早乙女 お話をいただいた時はまだ台本をいただいておらず、あらすじだけ伺ったんですが、面白そうだなと。そして、今回はイケテツ(池田)さんが演出をすると聞いてそれだけで出演を決めました(笑)。

池田 ええっ!聞かなきゃよかった。プレッシャーでしかないわ(笑)。

早乙女 (笑)。僕、イケテツさんのファンなんです。ドラマ『トリック』が大好きで、イケテツさんが役者として出演されているのを観ていましたし、そんなイケテツさんがどんな演出をするんだろうって興味もあって、すーっごい楽しみだったんです。

池田 期待されるとプレッシャーです。本当に(笑)。

 

――脚本を改めて受け取って読んだときの印象はいかがでしたか?

早乙女 僕、大衆演劇の時はこういう共同生活をやっていたんです。楽屋に布団を敷いて皆で雑魚寝とかもしていました。その時に比べると今回のアパートなんてむしろ贅沢なほうですよ。皆でくだらない事をしながら芝居の稽古をしたり、そんな日々の繰り返しでした。すごく懐かしいなって思います。

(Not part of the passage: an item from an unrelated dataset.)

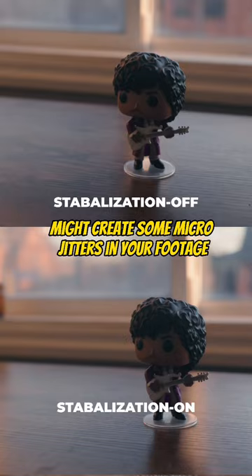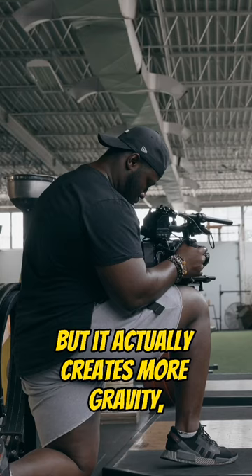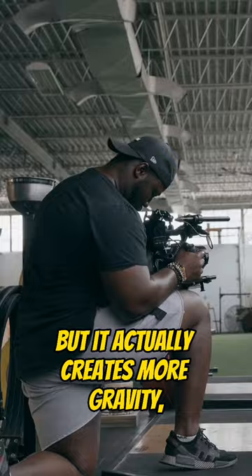Now, when you have your cinema camera rigged out with all the accessories — from V-mount batteries to cages, microphones, and other things — not only do you look like a boss, but it actually creates more gravity, giving a more natural handheld sway into your footage and removing those jitters. Now, that's just one more way to like your camera's BBD.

池田 そうそう、この作品に出てくるアパートのほうがずっとリッチですよ!テラスハウスっぽくしていますしね。こんなにかわいらしいアパートじゃねえぞって(笑)。

この脚本を読んだとき、これは自分自身の話だな、懐かしいなあという感じでしたね。若い頃、世田谷にあった下宿に住んでいたんです。そこには他に役者が二人くらい住んでいました。家賃も安くて月25千円で、世田谷なのに格安で。今もまだあるんです。クロムモリブデンという劇団の森下亮くんやライオンパーマという劇団の人などもまだ住んでいるんですよ。

だからこそ、自分が知っていること、体験してきたことなど「役者が住むアパートあるある」がたくさんあり過ぎて、かえって生々しくて。果たして冷静にこの作品の演出ができるのか、エンターテイメントになりうるのかな、と思いましたね。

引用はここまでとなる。